This *sounds* utopian, but only because most people don't have 
experience with organizations that work like this. I did't invent the 
FA concept, I simply found it and gave it a name. It works, and does 
what most people routinely consider impossible.

>No, of course there are and will be concentrations of power.  The 
>Soviet system had layers of electors. This allowed voting power to 
>become more and more concentrated toward the top of the hierarchy 
>until the top levels were pure Communist apparatchiks chosen for 
>their unblinking loyalty to the system.

Sure. They had what appeared to be democratic mechanisms. But they 
absolutely didn't have the FA concept. There was a supposedly 
democratic structure, but it was *coercive.* My guess is that those 
who designed the Soviet system, originally, were quite idealistic 
about it, but they were doing this within a context that blamed the 
defects of goverment on enemies, and they were trying to build a New 
Man who would only act for collective interest.

FA/DP -- and asset voting -- work with people as they are, and they 
do not incorporate any such assemptions, the opposite. Using the term 
"Soviet" implies coercion. The Soviets also used a form of approval 
voting. That doesn't make approval voting "soviet."
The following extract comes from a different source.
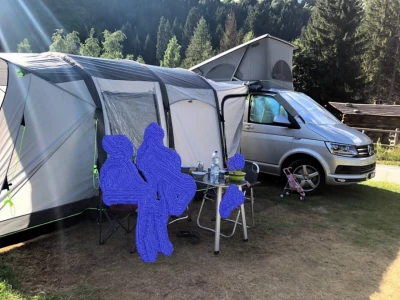VW T6 Ocean Campingbus - Seon, Schweiz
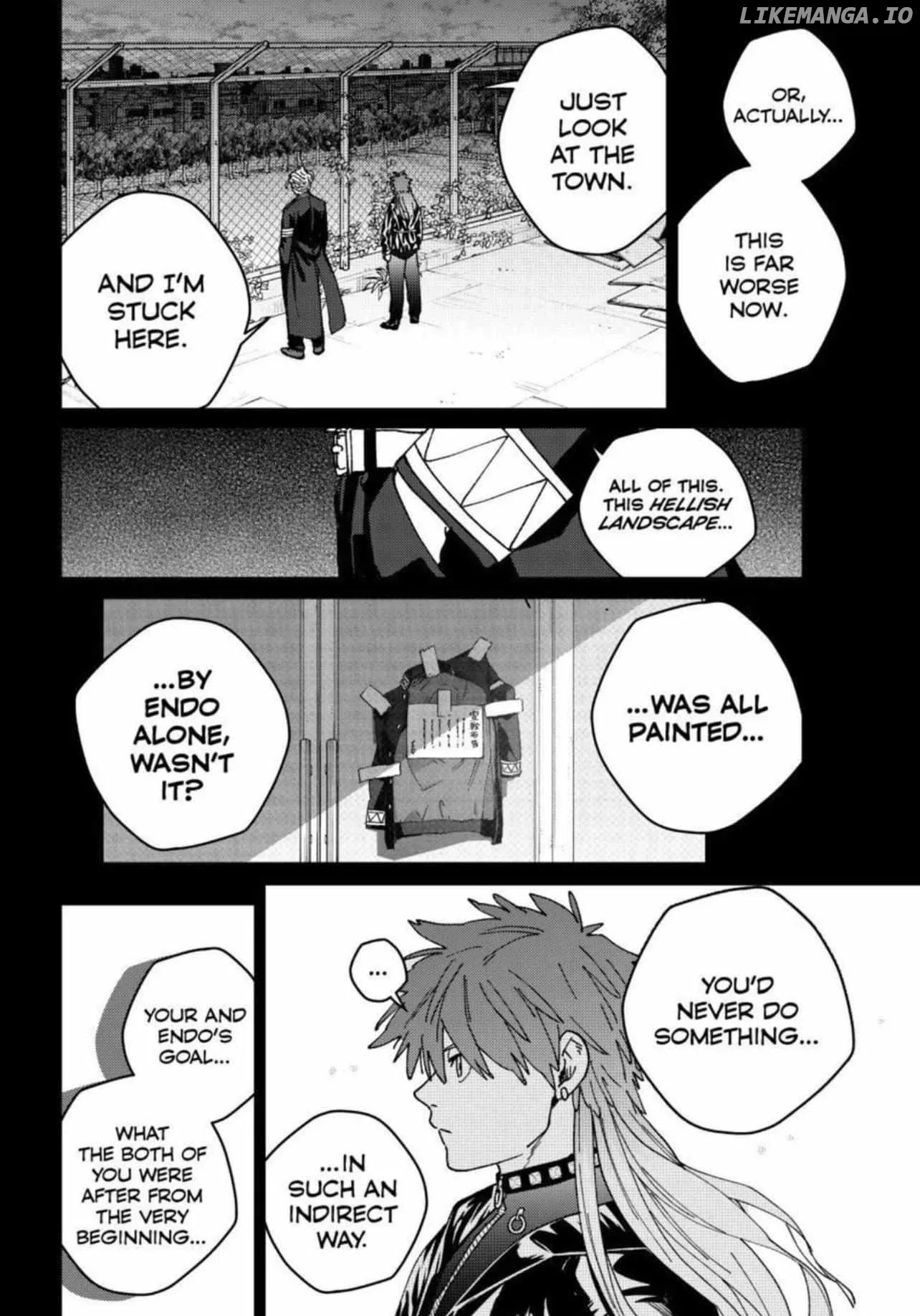 Wind Breaker (NII Satoru) Chapter 151 page 8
Asset Voting doesn't create, as proposed, formal layers beyond one. 
(I.e, it creates, from the original Voters/Seats, 
Voters/Electors/Seats). I'd be interested in seeing what the Soviets 
actually had, but there are no "intermediate councils" unless the 
electors themselves decide to form them, and they would not be 
legally binding entities. Indeed, they might be "parties," in effect, 
or political parties might create such associations. But they would 
not control the voting of electors, though they certainly could 
advise it. An elector doesn't have anything to lose, which is 
different from elected seats, who must maintain the support of their 
electors, certainly to be re-elected, but, in some systems, even to 
maintain the seat, because it might be "continuous election," 
revocable. --- because of the nature of the scale problem, I've 
suggested that seats might have some persistance as to right to 
participate in deliberation, but might lose voting power partially or 
fully, but that's a detail.)

>>It's also not necessarily "multistage." If voters fear coercion of
>>small-scale electors, they can decide, in advance, to give large
>>numbers of votes to single candidates whom they trust.

>The ability to vote for the single candidate you think will win does 
>help with the problem. But then what's the point of the asset mechanism?
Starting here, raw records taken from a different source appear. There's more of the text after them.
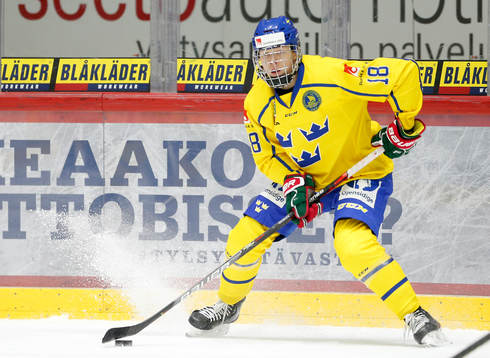 Lucas Raymond #18, SWE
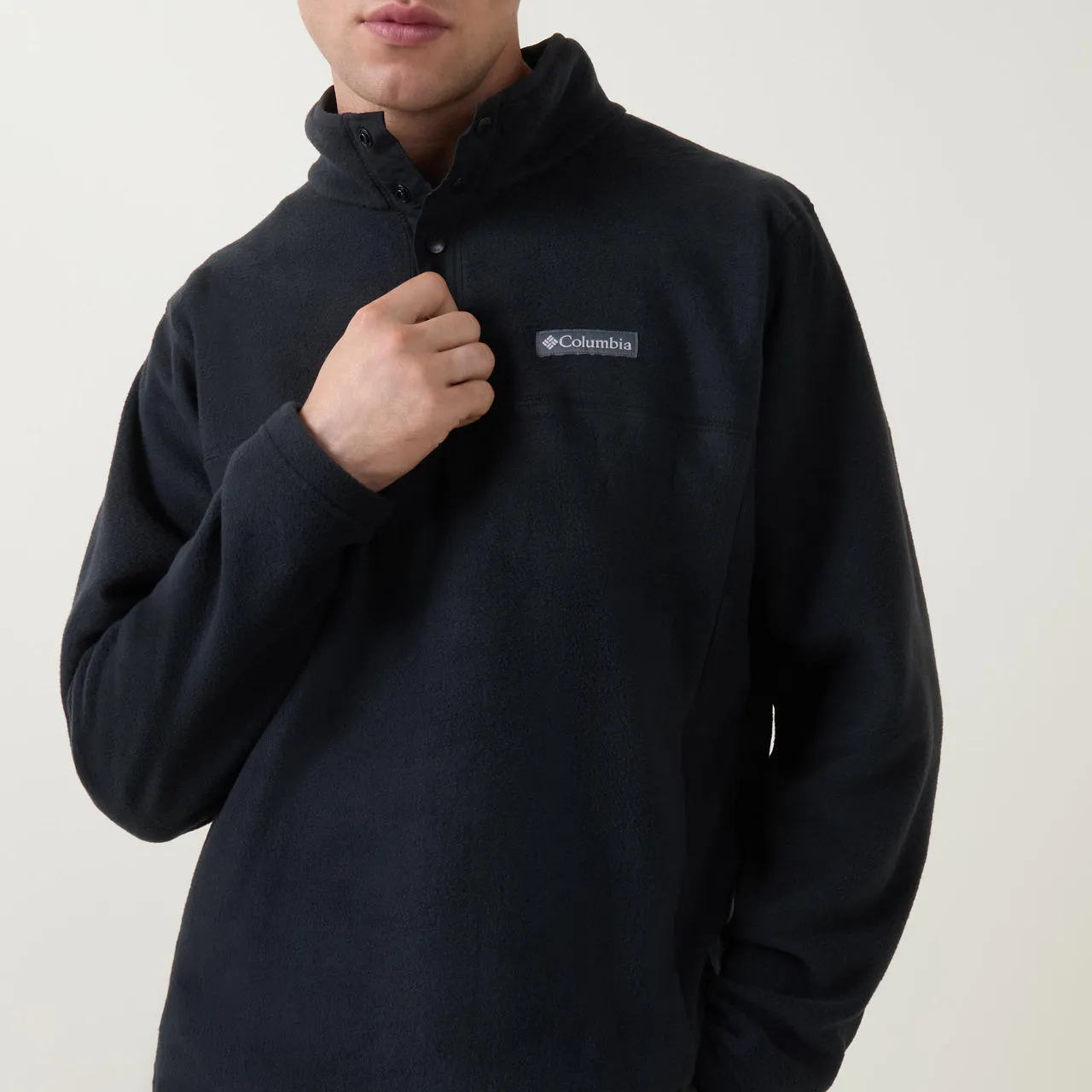 COLUMBIA Steens Mountain™ II Fleece Sweatshirt - Black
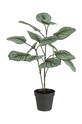 J-Line plantă artificială în ghiveci multicolor 22052.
That's up to the voters! It will be useful for some and not for 
others. What I'm suggesting is that the system will naturally shift 
toward more and more electors receiving fewer votes each, and the 
reason has to do with communication and access. If you don't care 
about your ability to influence legislation and to talk about -- and 
be talked to about -- political matters, sure, might as well vote for 
a popular candidate. Or whomever you choose.

This ability to make a free choice is the point. You decide who 
represents you. Not others.

>  And if voters fear coercion of small-scale electors, they will 
> vote the way those electors tell them to. That's the nature of coercion.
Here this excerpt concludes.